After more than 30 years of editing Fra Noi, I thought I knew a thing or two about the challenges our ancestors faced in America at the turn of the 20th century.
I’ve learned from countless articles about the crowded tenements and abject poverty, the dangerous jobs at scant pay, and I can enumerate the Sicilian-born laborers lynched by a New Orleans mob in 1891.
But to know is one thing and to understand quite another. My eyes were truly opened to the gross indecencies our forebears endured when I attended a preview screening of “Cabrini” on Oct. 24 at the Des Plaines Theatre.
Set for theatrical release on March 8, the biopic follows St. Frances Xavier Cabrini as she launches her missionary campaign among the desperately downtrodden Italians of New York City.
The movie’s messages of perseverance and hope will no doubt inspire audiences of every background on every continent. But I dare say that “Cabrini” will strike many Italian Americans with the force of a midnight thunderclap that wakes you out of a dead sleep. I know it did for me.
The film begins academically enough, with words in muted brown letters appearing on jet-black backgrounds.
“Between 1889 and 1910, over 2 million Italians immigrated to the United States to escape poverty and to satisfy America’s demand for cheap labor,” the opening screens report. “They were desperately poor, often illiterate and almost never spoke English. Many Americans considered these Italians to be of inferior intelligence, only fit for menial labor, and a threat to the very fabric of America.”

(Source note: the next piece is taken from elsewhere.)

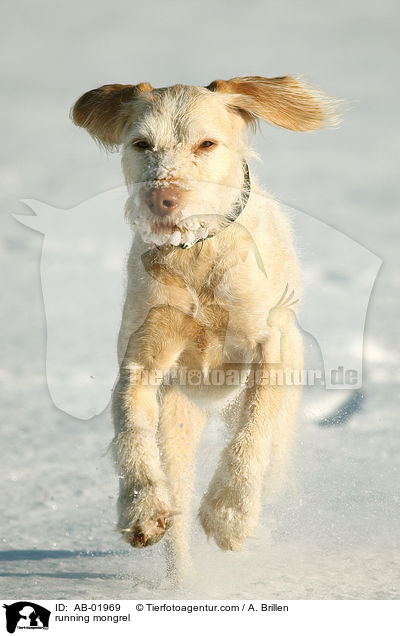 rennender Spinone Italiano Mischling / running mongrel / AB-01969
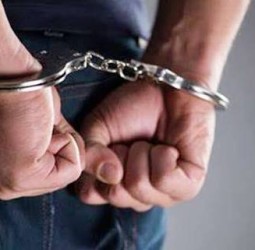 அமெரிக்காவில் சட்டவிரோதமாக தங்கியிருந்த 30 இந்தியர் கைது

The panoramic calm is shattered by a shabbily clad boy hurtling through a tony New York neighborhood, screaming for help in Italian to no avail as his mother dies of typhus in the wheelbarrow he frantically pushes.
Meanwhile, the diminutive mother superior of a convent in Italy coughs and convulses in her darkened room as she weakly reassures a nun on the other side of the door that she’s fine.
The paths of these two characters soon cross in Five Points, a notorious Italian ghetto in Lower Manhattan, where families live in rickety shacks, orphans run wild in streets of mud, the homeless live in a rat-infested subterranean world and mind-bending abuses await any denizen who dares venture into the rest of the city.
Into this hellscape steps Mother Cabrini and her five sisters. Armed only with kindness, grit and faith, they dramatically improve the lives of their chosen charges in the face of seemingly insurmountable obstacles.
Though taking place mainly in America, this film is Italian to its core, from the language spoken in Italy and among the immigrants, to the arias that elevate the score, to a painterly interior lighting that evokes Caravaggio.
And it shines most brightly through Cabrini’s indomitable spirit, a trait that for centuries had sustained odds-defying Italian women the likes of St. Catherine of Siena, artist Artemisia Gentileschi and composer Barbara Strozzi.
Thwarted at every turn, Cabrini fearlessly confronts and eventually bests all her antagonists. When she insists upon speaking to the mayor after police have broken up a benefit concert, stealing its proceeds and throwing her in jail, the mayor’s assistant demands: “Who the hell do you think you are?”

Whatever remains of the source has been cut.